Warum das Thema in meinem Blog? Ich hatte dieses Jahr eine ganz besondere Challenge bei der ersten Etappe. Meistens ist die Herausforderung: Alles geben und eine gute Zeit laufen. Ich war aber erkältet. Und was soll man da besser nicht tun? Genau, sich anstrengen also mit Vollgas laufen…. Meine Wahl: Gar nicht an den Start oder Schongang. Das tolle Dörlooper-Shirt (Dörlooper = Durchläufer) bekommt man nur wenn man alle Etappen bewältigt hat. Das will ich unbedingt haben. Also war klar: Starten. Da ich meine Gesundheit liebe hieß es aber auch: Nicht auf Zeit, sondern so wie es der Husten es zulässt und so wie es mir gut geht.
Der normale Wahnsinn
Wer von euch schon in einem Wettbewerb mitgelaufen ist weiß wie das ist: Startschuss und … viel zu schnell mit der Masse mit.

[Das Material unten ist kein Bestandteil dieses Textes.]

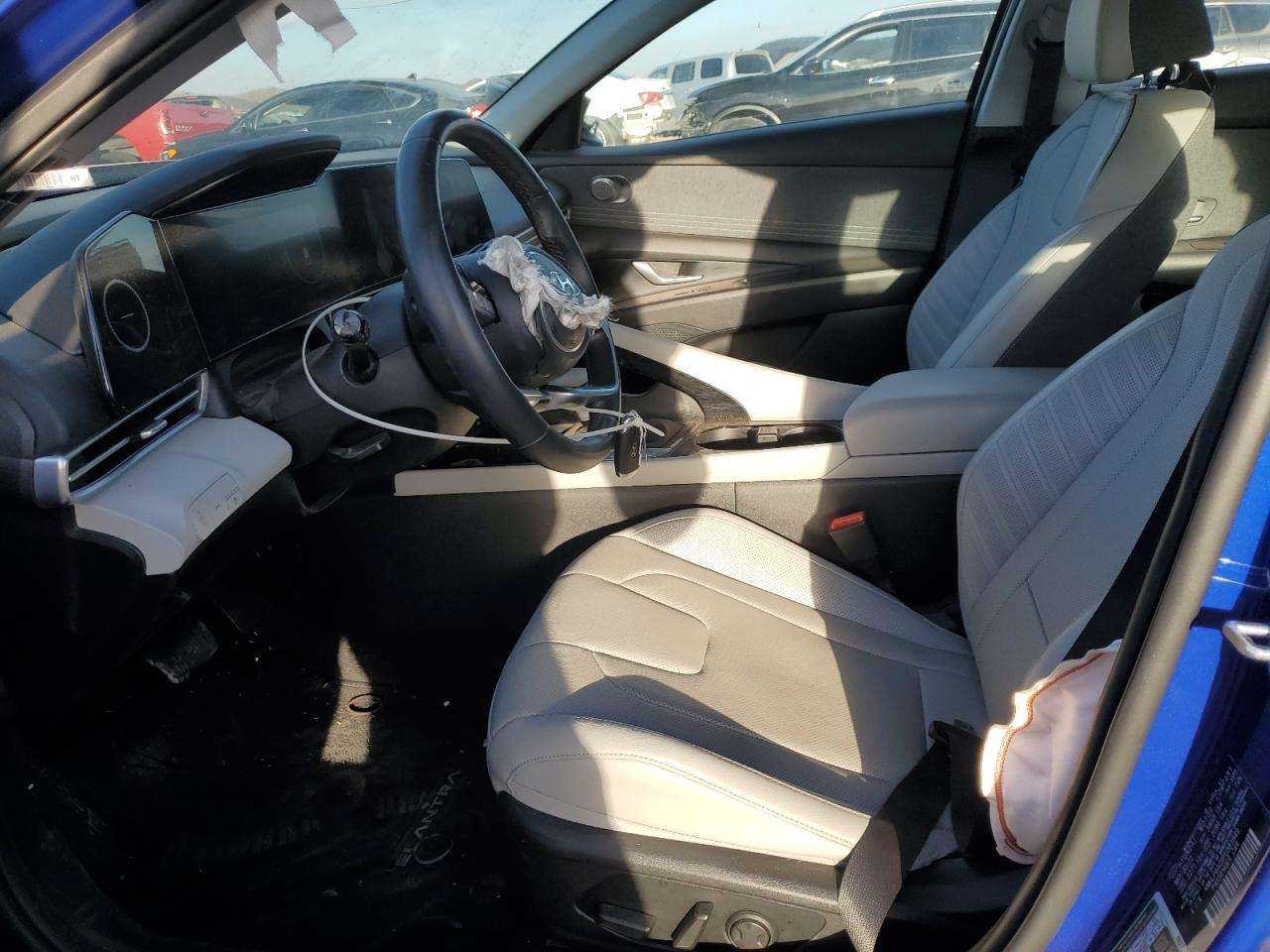 2023 Hyundai Elantra - Image 7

Auf der Strecke: Jede Überholung zählt. Blick zur Uhr, Pace im Blick, Abgleich mit Körper und wieder schneller an anderen vorbei. Von Etappenziel zu Etappenziel bis zum Limit…. Ziel in Sicht? Reserven aktivieren und das letzte aus einem rausholen. Im Endspurt noch 2,3 Läufer überholen. So laufe ich eigentlich.
Dieses Jahr anders
Nun hieß es: Ab in den vorletzten Startblock, überholen lassen, statt überholen. Blick auf die Uhr, Abgleich mit dem Körper und hinter dem Läufer vor mir einordnen. Runter vom Tempo….. Auch bei Publikum nicht dem Drang nachgeben und schneller werden… Auf den Körper hören. Wasserstation – ignoriere ich bei solchen Strecken gern mal, um Zeit zu sparen. Dieses Mal: hingehen… GEHEN… Mitten im Wettkampf!! Wasser trinken und langsam weiter…. Auf dem letzten Kilometer musste ich meinem Ego ein paar Überholungen gönnen. Der gewohnte Endspurt aus allen letzten Kraftreserven heraus, blieb jedoch aus. DAS war eine wirklich schwere Übung. Aber ich bin stolz es gepackt zu haben.
Fazit
Wir müssen uns in vielen Situationen überlegen was uns wichtig ist und Prioritäten setzen. Auch mal welche, die unserem Naturell vielleicht widersprechen, aber der Vernunft entsprechen. Die darf auch mal siegen. Auch das fühlt sich gut an. Selbst wenn einem davon die Konsequenzen länger nachhängen. Meine Platzierung ist nun niedriger als sonst. Dafür werde ich aber heute wieder laufen und den Ossiloop zu Ende bringen können. Besser als dann doch noch krank zu werden. Hochfahren und Leistung bringen können wir alle super. Wir haben ja das Gefühl, dass man das von uns erwartet. (By the Way: Wer ist „man“?). Runterfahren hingegen fällt uns irre schwer. Dafür gehen wir dann zum Yoga und Co, um es zu neu zu lernen.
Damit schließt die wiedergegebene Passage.